ACTION ITEM | Below are entries; repeat exactly, and nothing else, the lines from the one holding "Box spring postel" through the one holding "Polo Ralph Lauren", inclusive. Leave the pictures out.

INFORMATION SUPPLIED |
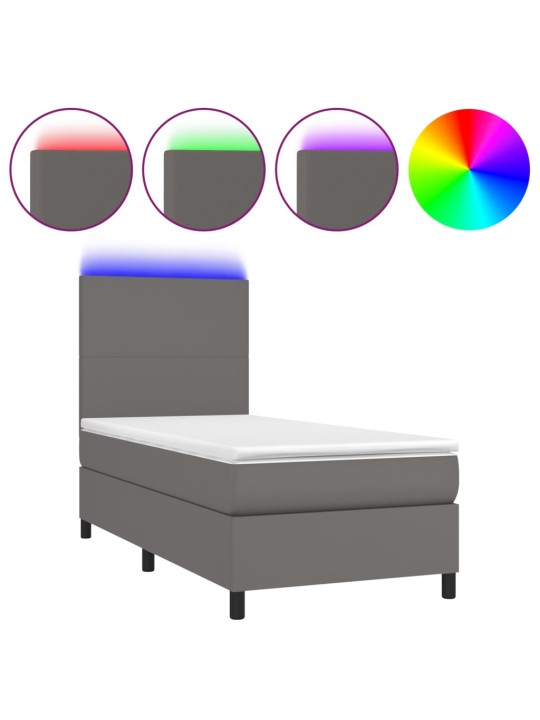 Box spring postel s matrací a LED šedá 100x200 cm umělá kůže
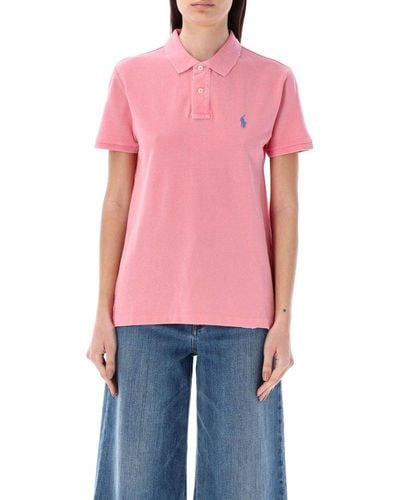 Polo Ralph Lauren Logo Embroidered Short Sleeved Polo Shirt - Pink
...
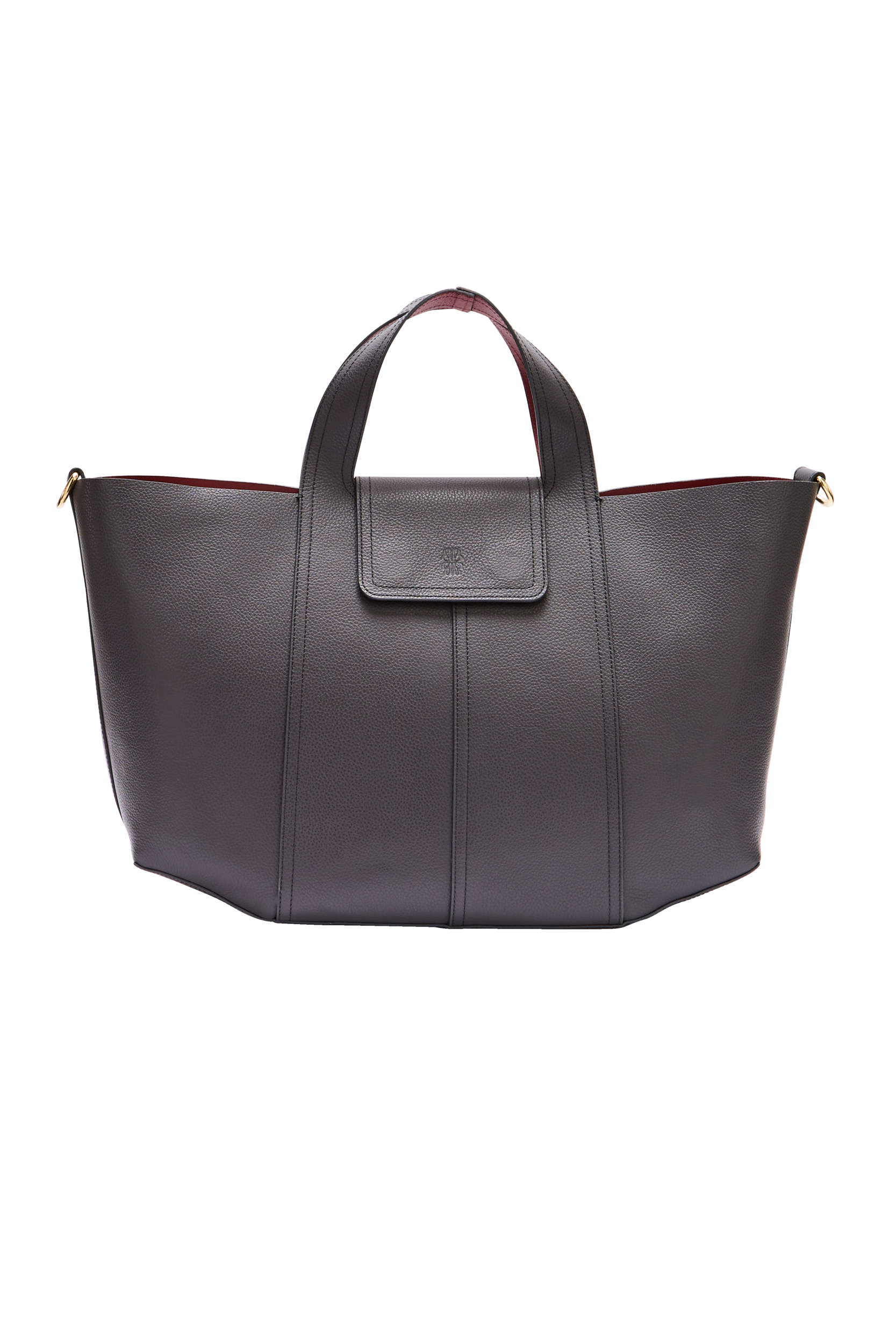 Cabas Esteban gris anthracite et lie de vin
...
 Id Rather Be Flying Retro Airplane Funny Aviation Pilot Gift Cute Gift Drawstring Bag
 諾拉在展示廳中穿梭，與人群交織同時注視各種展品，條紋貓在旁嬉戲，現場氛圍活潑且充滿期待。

SOLVED EXERCISE |
 Box spring postel s matrací a LED šedá 100x200 cm umělá kůže
 Polo Ralph Lauren Logo Embroidered Short Sleeved Polo Shirt - Pink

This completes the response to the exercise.